L’objet de cet exposé est de dresser un panorama des principaux enjeux juridiques de l’IA en droit français, en insistant sur les textes applicables, les points d’attention pour les acteurs économiques et les réflexions éthiques et pratiques qui s’imposent à l’horizon d’une large diffusion des systèmes IA dans la société.
I. DÉFINITION ET CONTOURS LÉGISLATIFS DE L’INTELLIGENCE ARTIFICIELLE
Pour appréhender l’IA, il convient d’en proposer une définition opérationnelle et de situer cette notion dans l’ordre juridique. Le droit positif français ne comporte pas encore de définition unique et harmonisée de l’intelligence artificielle. Les textes actuels, qu’ils soient nationaux ou européens, emploient des expressions variées, telles que « systèmes automatisés » ou « systèmes algorithmiques », mais tendent à converger vers l’idée d’une entité logicielle ou matérielle, capable de traiter des données de manière autonome, d’apprendre de ses interactions et de prendre des décisions ou de faire des prévisions à partir d’ensembles de données.
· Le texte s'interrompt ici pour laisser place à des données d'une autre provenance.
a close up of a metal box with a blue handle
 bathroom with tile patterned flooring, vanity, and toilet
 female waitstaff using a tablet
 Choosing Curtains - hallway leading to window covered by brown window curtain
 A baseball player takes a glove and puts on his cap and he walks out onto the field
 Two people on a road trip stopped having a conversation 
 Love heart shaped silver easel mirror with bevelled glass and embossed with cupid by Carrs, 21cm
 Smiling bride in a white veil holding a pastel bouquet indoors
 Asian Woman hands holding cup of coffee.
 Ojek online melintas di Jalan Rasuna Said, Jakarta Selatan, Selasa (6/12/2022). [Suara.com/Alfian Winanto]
Le futur Règlement européen sur l’IA (souvent désigné “AI Act” dans les travaux préparatoires de la Commission européenne) propose de considérer l’IA comme un ensemble de logiciels ayant pour objectif de reproduire ou d’imiter des processus cognitifs humains, en recourant à des méthodologies comme l’apprentissage automatique, les méthodes statistiques ou encore l’optimisation de modèles mathématiques. En droit français, plusieurs textes permettent d’encadrer indirectement ces technologies, bien qu’aucun ne propose à ce jour de cadre spécifique et exhaustif exclusivement consacré à l’IA. Ainsi, la Charte éthique pour l’IA élaborée par la CNIL et d’autres autorités ou organismes publics offre des lignes directrices, tandis que certaines dispositions du Code civil, relatives à la responsabilité et aux contrats, trouvent déjà à s’appliquer dans l’optique de pallier les éventuels vides juridiques que l’IA pourrait engendrer. Ce paysage législatif doit être complété par la Loi Informatique et Libertés de 1978 (modifiée à plusieurs reprises) et, bien évidemment, par le RGPD, qui impose des contraintes strictes en matière de traitement automatisé de données, plus particulièrement lorsqu’il s’agit de données sensibles ou de décisions automatisées produisant des effets juridiques. L’IA se situe donc à la croisée de différents champs du droit, nécessitant une approche transversale pour appréhender correctement les questions de conformité, de responsabilité et de protection des droits fondamentaux.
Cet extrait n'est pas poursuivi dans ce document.